**EXERCISE OBJECTIVE**
Your answer should be only the lines below from the one with "Elderberry Juice from" to the one with "Departamento en venta de 3 dorm. en Osorno", repeated exactly, ends included.

*** Opening of MATERIAL FOR THIS EXERCISE ***

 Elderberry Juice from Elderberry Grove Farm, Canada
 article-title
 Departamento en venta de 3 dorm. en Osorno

*** Close of MATERIAL FOR THIS EXERCISE ***
*** Opening of MATERIAL FOR THIS EXERCISE ***

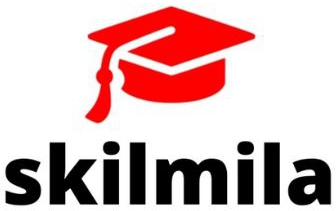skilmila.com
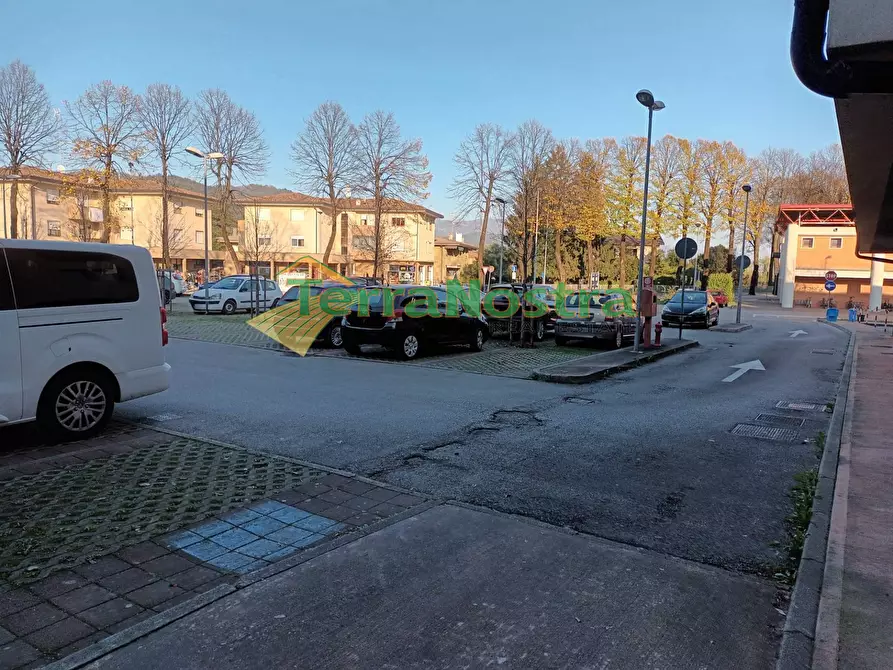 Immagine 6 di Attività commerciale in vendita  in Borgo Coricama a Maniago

*** Close of MATERIAL FOR THIS EXERCISE ***

**REPLY**
 Elderberry Juice from Elderberry Grove Farm, Canada
 article-title
 Departamento en venta de 3 dorm. en Osorno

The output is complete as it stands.